(EXERCISE MATERIALS):
----

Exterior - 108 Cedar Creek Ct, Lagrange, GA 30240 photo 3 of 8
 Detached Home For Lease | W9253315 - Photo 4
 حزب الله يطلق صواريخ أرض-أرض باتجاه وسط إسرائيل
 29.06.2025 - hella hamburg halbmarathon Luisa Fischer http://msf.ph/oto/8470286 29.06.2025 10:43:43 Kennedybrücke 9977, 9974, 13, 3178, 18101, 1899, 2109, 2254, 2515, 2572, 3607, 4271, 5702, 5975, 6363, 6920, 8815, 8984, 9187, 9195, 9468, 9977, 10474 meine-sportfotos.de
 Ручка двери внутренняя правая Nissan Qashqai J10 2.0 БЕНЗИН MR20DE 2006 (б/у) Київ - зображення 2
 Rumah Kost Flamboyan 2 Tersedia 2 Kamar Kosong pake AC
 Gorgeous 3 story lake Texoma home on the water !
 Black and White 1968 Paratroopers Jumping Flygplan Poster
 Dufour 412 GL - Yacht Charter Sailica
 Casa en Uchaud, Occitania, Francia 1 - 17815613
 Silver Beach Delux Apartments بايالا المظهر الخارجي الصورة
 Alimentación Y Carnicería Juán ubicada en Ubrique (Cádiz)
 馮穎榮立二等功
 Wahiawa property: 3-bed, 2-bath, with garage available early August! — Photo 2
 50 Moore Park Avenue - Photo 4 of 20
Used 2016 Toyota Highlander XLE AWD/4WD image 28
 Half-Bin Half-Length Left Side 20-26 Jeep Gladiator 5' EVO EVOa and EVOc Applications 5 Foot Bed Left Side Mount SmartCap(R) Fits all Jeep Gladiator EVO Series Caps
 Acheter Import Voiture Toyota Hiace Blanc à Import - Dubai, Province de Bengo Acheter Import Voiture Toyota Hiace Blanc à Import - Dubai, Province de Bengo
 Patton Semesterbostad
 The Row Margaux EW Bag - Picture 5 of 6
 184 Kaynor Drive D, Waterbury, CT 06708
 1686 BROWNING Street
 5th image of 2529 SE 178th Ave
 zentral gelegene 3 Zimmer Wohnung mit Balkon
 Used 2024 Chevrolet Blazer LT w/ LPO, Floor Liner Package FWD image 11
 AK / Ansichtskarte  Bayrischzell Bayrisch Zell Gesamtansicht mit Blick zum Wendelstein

----

(THE PROBLEM):
Starting at the line that contains "Half-Bin Half-Length Left", restate word for word every line through the last one in the records above. Return nothing else.

(THE COMPLETED TASK):
 Half-Bin Half-Length Left Side 20-26 Jeep Gladiator 5' EVO EVOa and EVOc Applications 5 Foot Bed Left Side Mount SmartCap(R) Fits all Jeep Gladiator EVO Series Caps
 Acheter Import Voiture Toyota Hiace Blanc à Import - Dubai, Province de Bengo Acheter Import Voiture Toyota Hiace Blanc à Import - Dubai, Province de Bengo
 Patton Semesterbostad
 The Row Margaux EW Bag - Picture 5 of 6
 184 Kaynor Drive D, Waterbury, CT 06708
 1686 BROWNING Street
 5th image of 2529 SE 178th Ave
 zentral gelegene 3 Zimmer Wohnung mit Balkon
 Used 2024 Chevrolet Blazer LT w/ LPO, Floor Liner Package FWD image 11
 AK / Ansichtskarte  Bayrischzell Bayrisch Zell Gesamtansicht mit Blick zum Wendelstein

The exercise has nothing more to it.